Nigerian authorities say they have confirmed a second case of Ebola in Africa's most populous country, an alarming development after a man who flew by plane to the country died of Ebola.
Nigerian Health Minister Onyebuchi Chukwu said Monday that the second person with Ebola is a doctor who had helped treat Patrick Sawyer, the Liberian-American man who died of Ebola in late July.
Sawyer, who was traveling to Nigeria on business, became ill while aboard a flight and Nigerian authorities immediately took him into isolation. They did not quarantine his fellow passengers, and have insisted that the risk of additional cases was minimal.
But it seems this is changing now as contagion concerns rise...
According to the Minister, 70 people are now placed under surveillance while eight people would be quarantined on Monday for developing symptoms of the disease.
Apart from taking those steps, the government has also set up a treatment research group, that will carry out treatment research, receive and verify treatment claims as well as advise government on issues relating to Ebola virus in Nigeria.
Nigeria is the fourth country to report Ebola cases and at least 728 other people have died in Guinea, Sierra Leone and Liberia. And as Reuters reports, troops are now being deployed to manage the chaos...
Hundreds of troops deployed in Sierra Leone and Liberia on Monday under an emergency plan to fight the worst outbreak of the deadly Ebola virus, which has killed more than 826 people across West Africa.
Panic among local communities, which have attacked health workers and threatened to burn down isolation wards, prompted regional governments to impose tough measures last week, including the closure of schools and quarantine of the remote forest region hardest hit by the disease.
Long convoys of military trucks ferried troops and medical workers on Monday to Sierra Leone's far east, where the density of cases is highest. Military spokesman Colonel Michael Samoura said the operation, code named Octopus, involved around 750 military personnel.
Troops will gather in the southeastern town of Bo before travelling to isolated communities to implement quarantines, he added. Healthcare workers will be allowed to come and go freely, and the communities will be kept supplied with food.
In neighbouring Liberia, President Ellen Johnson-Sirleaf and ministers held a crisis meeting on Sunday on putting in place a series of anti-Ebola measures as police contained infected communities in the northern Lofa county.

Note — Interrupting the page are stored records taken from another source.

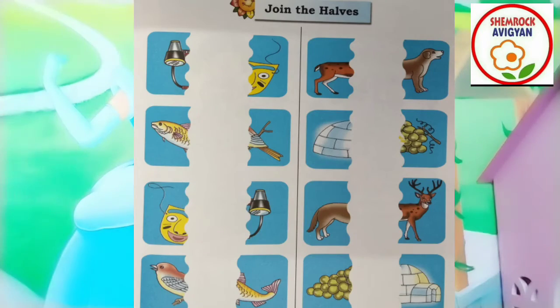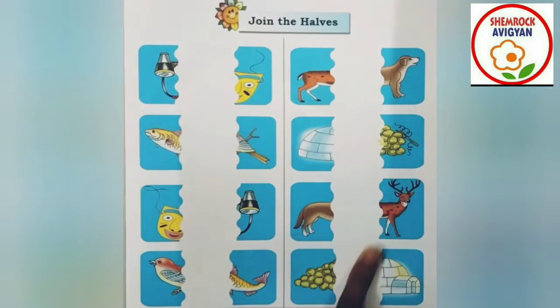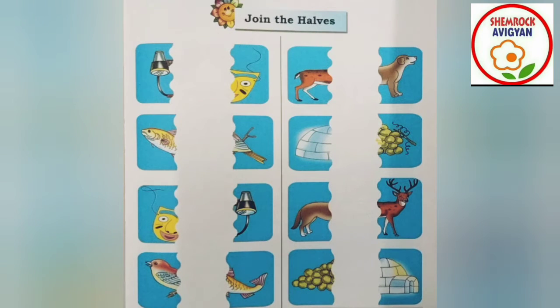Very good. Now, flowers, you can open the page. You can help me anyway. This is the flowers. This is the antaraman. Let's get started. So, my dear flowers, you can see the pink flowers. Now, what do you do to see the flowers?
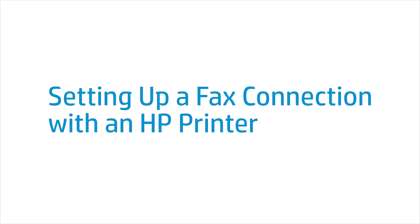This video shows how to set up a fax connection with an HP printer. By properly setting up your fax connection, you can send and receive faxes from your fax-capable printer.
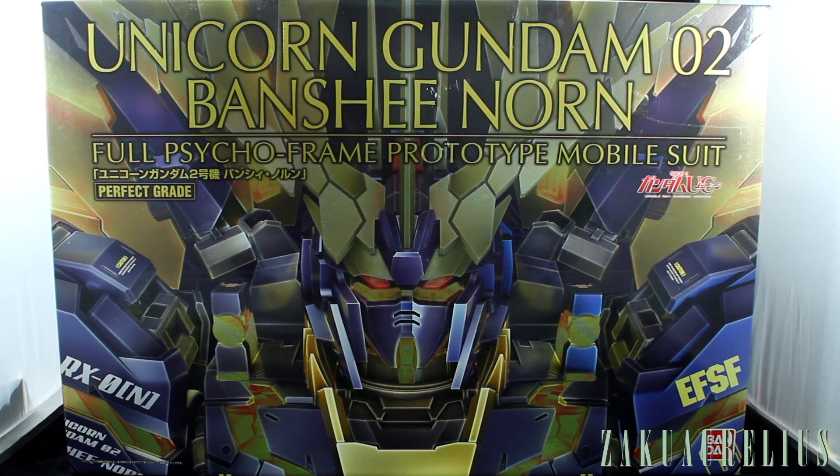Hey guys, today I'm going to be unboxing the Perfect Grade Unicorn Gundam Zero Two Banshee Norn. I'm super excited about this kit. It was literally just delivered less than an hour ago, and it was actually delivered at like 11 p.m. at night. Super weird. The delivery guys here are really behind schedule because it was a holiday recently. But anyway, let's get to unboxing this.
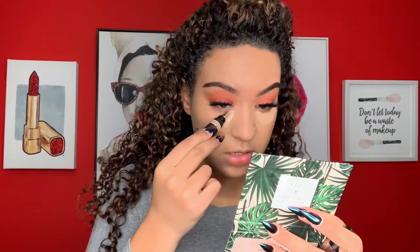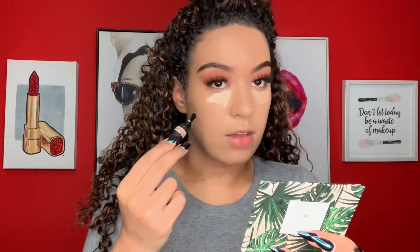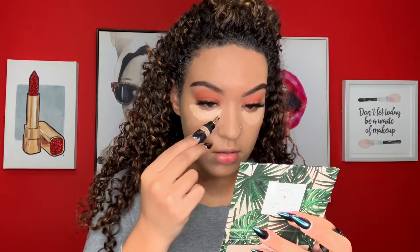It definitely has a cooling effect, so that could be very soothing — that feels very nice. Wow, looking at them the shades are really, really similar. The Huda Beauty one is like a little peachier, but they look pretty much the same. They both look really full coverage.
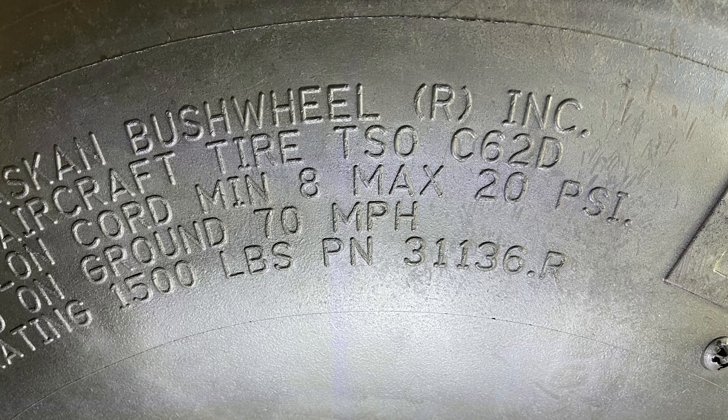Last year I came to a conclusion that I should run a higher pressure and minimize my contact surface area, since I'm on a paved surface at my home base — really just for taxiing and coming and going. Otherwise I go out and find grass strips for practice, trying to prolong the life of my bush wheels. Another FX3 owner suggested tracking your landing surface in your logbook, so I track hard surface, soft surface, and grass to analyze the number of landings and how long the bush tires last.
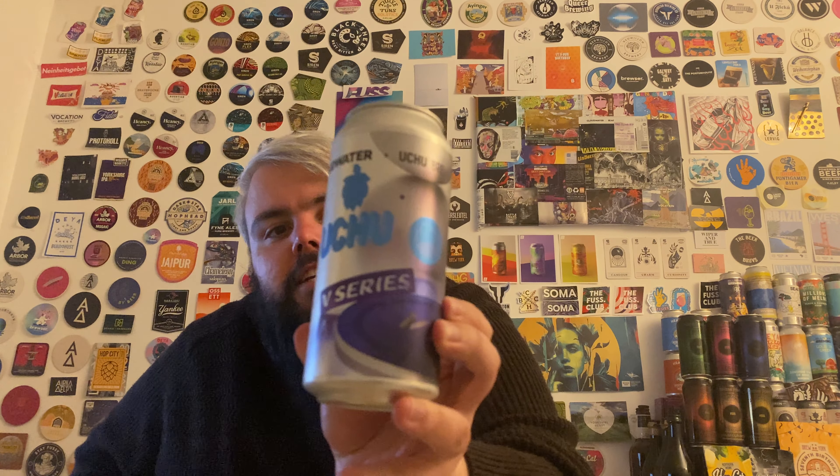Hello, another beer review. Today we have a beer from Cloudwater, in collaboration with Uchu Brewing who are from Japan. I'm very excited for this one — it's the latest installment in their V series, V15. There's not a lot of blurb about this, bloody calories, I hate that. I did a little bit of research and I believe it's hopped with Citra, Maturica, and Cascade, but I'm not certain on that — I haven't read that directly from Cloudwater's website or from the can. That was from a random online bottle shop, so I could be wrong.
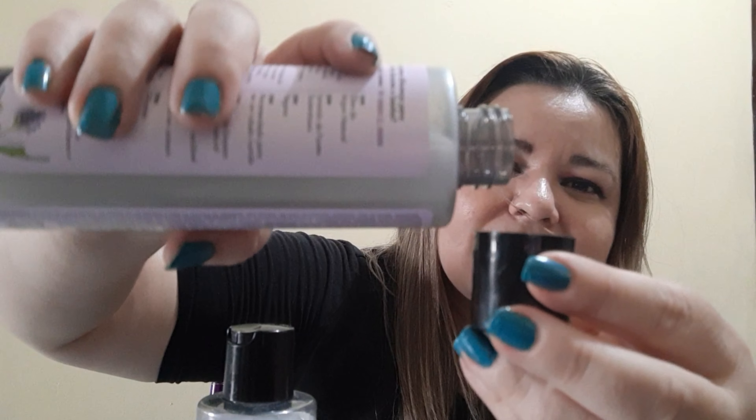Deixa eu mostrar aqui pra vocês o liquidinho do shampoo, como é que ele é. Esse shampoo não é liberado para No Poo/Low Poo, mas a máscara sim — a máscara já é liberada para No Poo e Low Poo. Só o shampoo que não é liberado. O líquido dele é assim, meio perolado.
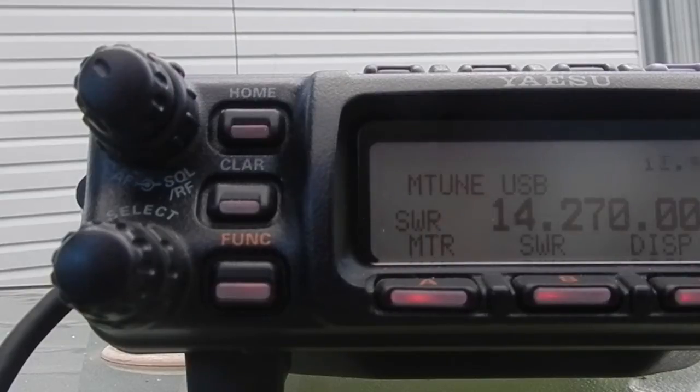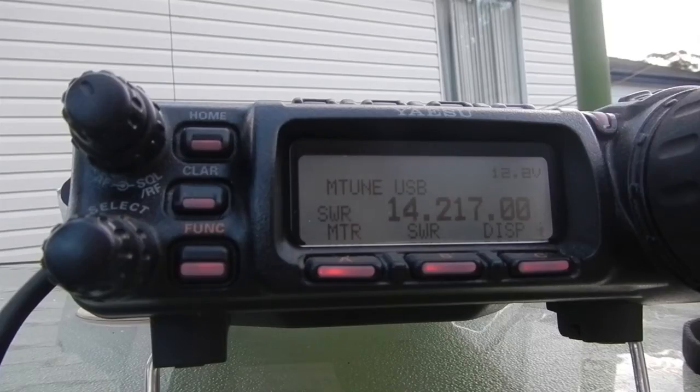VK2 MRX, portable QRP. VK2 MRX, portable QRP.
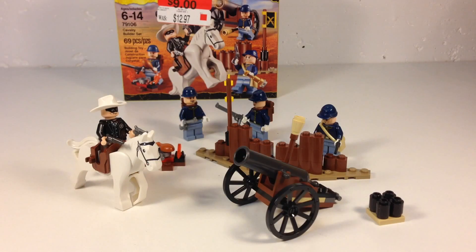Hey, it's BrickZar, and we're going to review a Lone Ranger set — the Cavalry Builder set from 2013. It's set 79106, 69 pieces, and four minifigures.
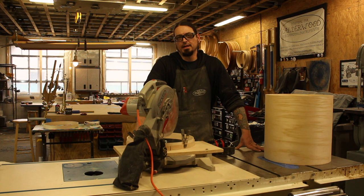Hey, this is Bill from Calderwood Percussion. In the past we've made a couple of videos about making and installing re-rings in drums and come up with a new way. So new method, new video.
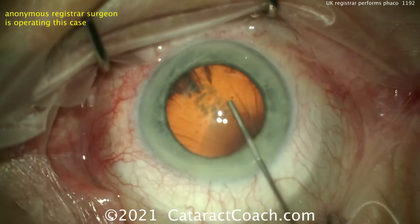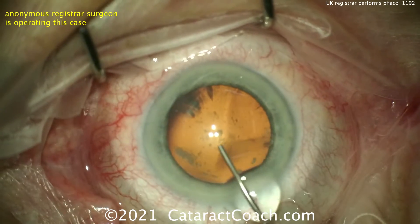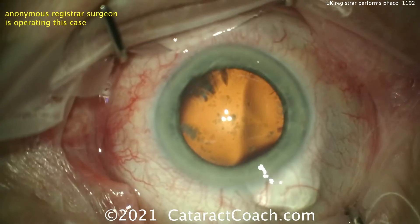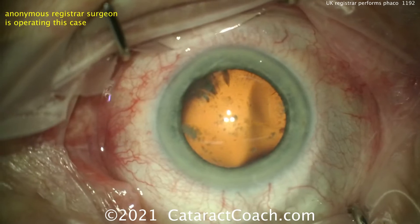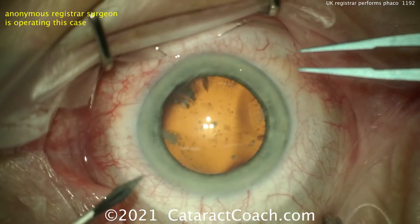Now this is probably our viscoelastic. What's interesting was that the main incision was placed in an eye without viscoelastic, just with the normal aqueous. That certainly requires a little bit of skill because the eye can collapse.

Police were setting up checkpoints and roadblocks for key entrance and exit points to those infected communities and every resident would be stopped. Nobody would be allowed to exit quarantined communities. Troops were fanning out across Liberia to help to deal with the emergency.
"The situation will probably get worse before it gets better," Liberian Information Minister Lewis Brown told Reuters. "We are over-stretched. We need support; we need resources; we need workers."
Director of Liberian National Police Chris Massaquoi said last week that troops would place forces in areas where crowds had previously stoned health workers. He added that all protests, demonstrations and marches had been forbidden.